Chairperson: Mr R Tau (ANC)

Documents handed out:
Department PowerPoint presentation
NURCHA website

The National Urban Reconstruction Housing Association (NURCHA) briefed the Committee on the success of their housing projects and their goals. NURCHA anticipated a transition from guarantees to bank overdrafts, to guarantees for managed loans, and financing structures to manage loans independently. NURCHA also briefed the Committee on their delivery mechanisms. They used financial intermediaries to assist small contractors and direct lending for established contractors.

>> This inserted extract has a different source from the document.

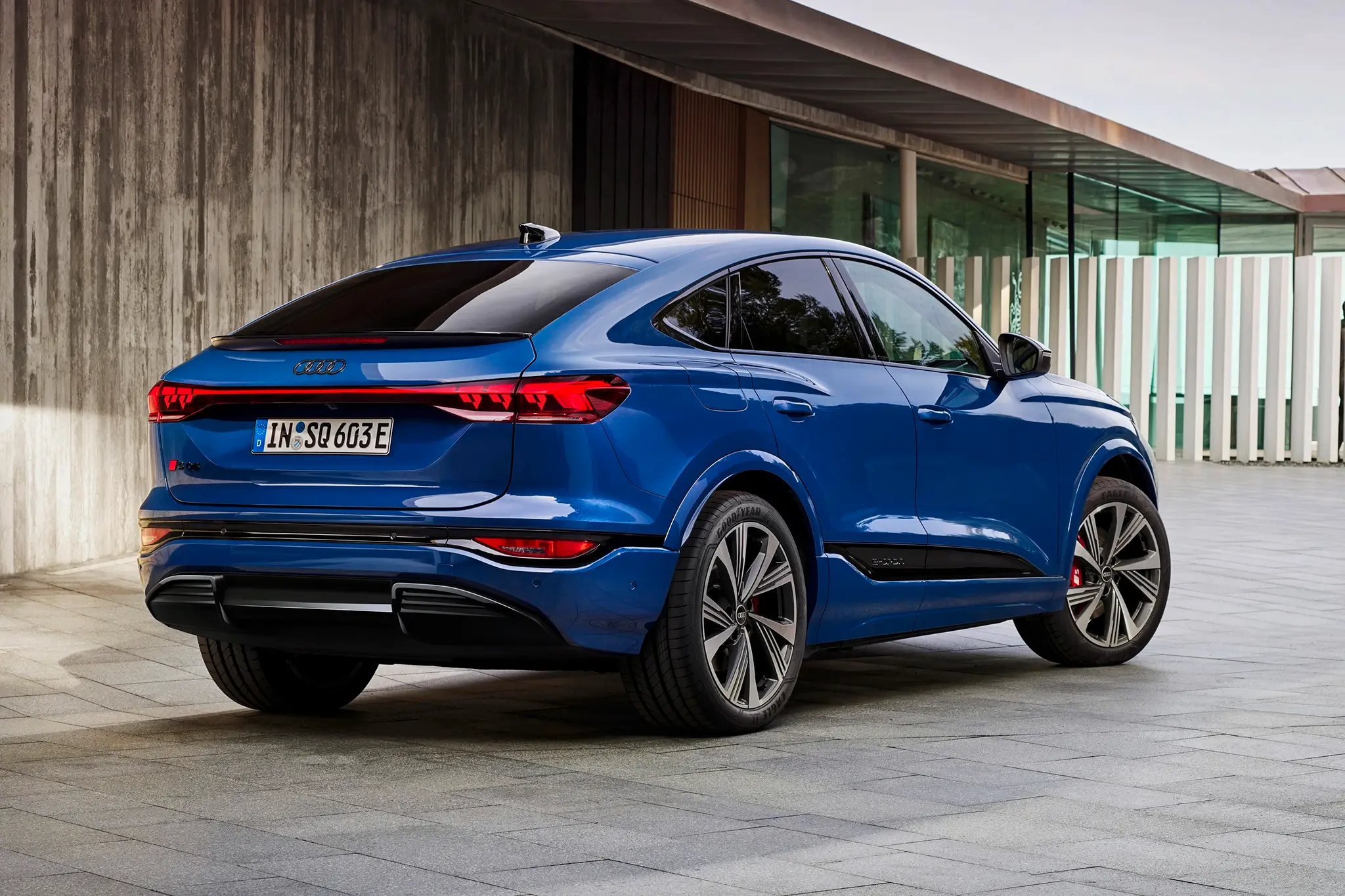 Audi SQ6 Sportback e-tron - 3/4 de traseira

The Committee expressed concerns surrounding funding sources and to whom NURCHA was accountable. The Committee agreed that the presentation was ‘an eye-opener’ and that the Departments initiatives should better complement those of NURCHA.


NUCHA briefing
Mr Sitembele Nase, NURCHA Executive Director of Strategic Programming, said that NURCHA had been founded in 1995 when they were given a $50million letter of guarantee by international financier, Mr G Soros. The project focused on bridging finance and risk-sharing with banks, to allow contractors to build low-income housing. This was a five-year programme.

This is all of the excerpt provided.